Tuesday, 13 October 2015

Coppice - 30th September 2011



As a kid, I was once in the grounds of Grimsdyke on the edge of Harrow. Myself and two friends had been taken there as a treat. I guess we were seven or eight. Running wild. Exploring.

We had found a tree that had partially fallen and dared each other to climb the remains. It seemed easy. All long straight bows and thick branches. I was the least nimble of the three and struggled as my friends reached higher and higher, branches bending under their weight. But they grew bored, navigated back around me and returned to terra firma.

But I remained rigid, stuck and unmoving. Not very far from the ground, but stuck still and petrified. I couldn’t reach higher but I couldn’t retrace my steps. I didn’t dare just jump and let gravity do its stuff. I couldn’t move.

With resignation and a good degree of embarrassment, I accepted the help of my friends' mother who eventually stumbled across me. She reached up, prised me off the branch where I was stricken and lifted me back to safety.

I was ripped to shreds by my peers. Even their mother joined in. I was mortified.

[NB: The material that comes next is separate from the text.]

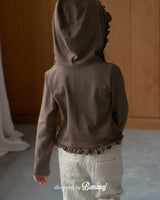 ［BANANAJ］Chuchu hood tee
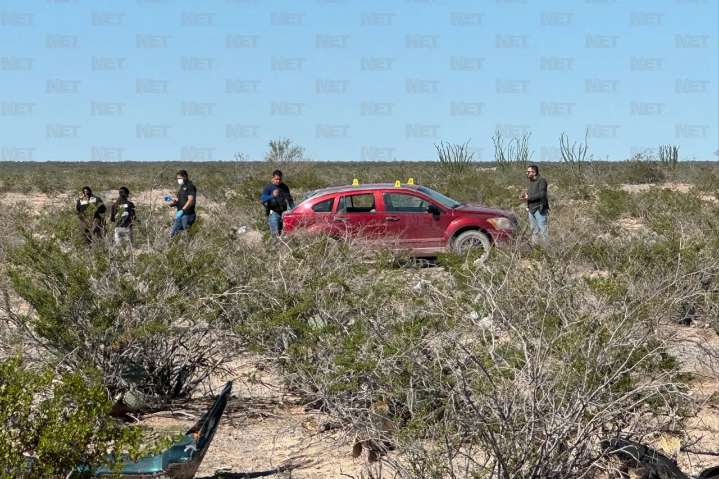 Hallan cuerpo en vehículo abandonado en el Kilómetro 33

So, since then, I’d been wary of trees. I left them to the birds and the leaves.

Step forward to the more recent past.

September 30. 2011.

Autumn hadn’t even threatened. Summer seemed to be endless when I found myself off work and at a loose end. I’d already been up and out, early, trying to capture a few autumnal, misty shots near Tring in Hertfordshire.

Tring.

But the weather was incredible. Clear. Bright. Warm. It was no day to waste staring out of a South Harrow living room.

Mad Bess Woods in Ruislip called.

I walked and walked in the shade of the still green leaved trees. I watched the dappling light play and pattern on the woodland floor but I was drawn to the canopy, high above me. A dozen shades of green and yellow on a pale blue backdrop. The trunks of the coppiced trees reached, stretched and crawled skyward toward the light. I was smitten.

I snapped away. Shot after shot. But nothing was quite working.

Until I sensed a tree calling me. It could hear it and feel it whispering…

Climb me. Climb me. Climb me.

Which is when I started to recall the incident at Grimsdyke so many years ago.

But the tree was insistent. So I listened to its croaky tree voice, accepted the dare and gave the tree a climb.

I felt alone. On a weekday afternoon, you can go an age in Ruislip Woods without seeing another soul. And so it was on that late, late September afternoon four years ago. I was alone but felt conspicuous, as I crawled to a suitable vantage point.

And from my vantage point a few feet above the ground, wedged and locked in the old coppicing cuts of a hornbeam or an oak (apologies, I am no expert), I captured the shot of the canopy that I had been searching for.

For a better resolution, follow the Flickr link, below:

The tree reaching upward seems to form a tunnel guiding you/your eye to the light. Layers of coloured leaves high above appear kaleidoscopic. Other worldly. All the main, dark trunks in the image seem separate yet are all from the same tree, cut and coppiced many years ago.

I stayed in the tree for a while. In part, because I was captured by the moment. The movement of shape and colour above me. But, also, because I was revelling in breaking my idiotic and needless fear of tree climbing and wallowing in my defeat of a stupid childhood demon. But, I also remained tree bound because, in all honesty - after all these years -, I still find it far easier to scale a tree than climb back down.


I suppose that makes me a Treecreeper. Not a Nuthatch.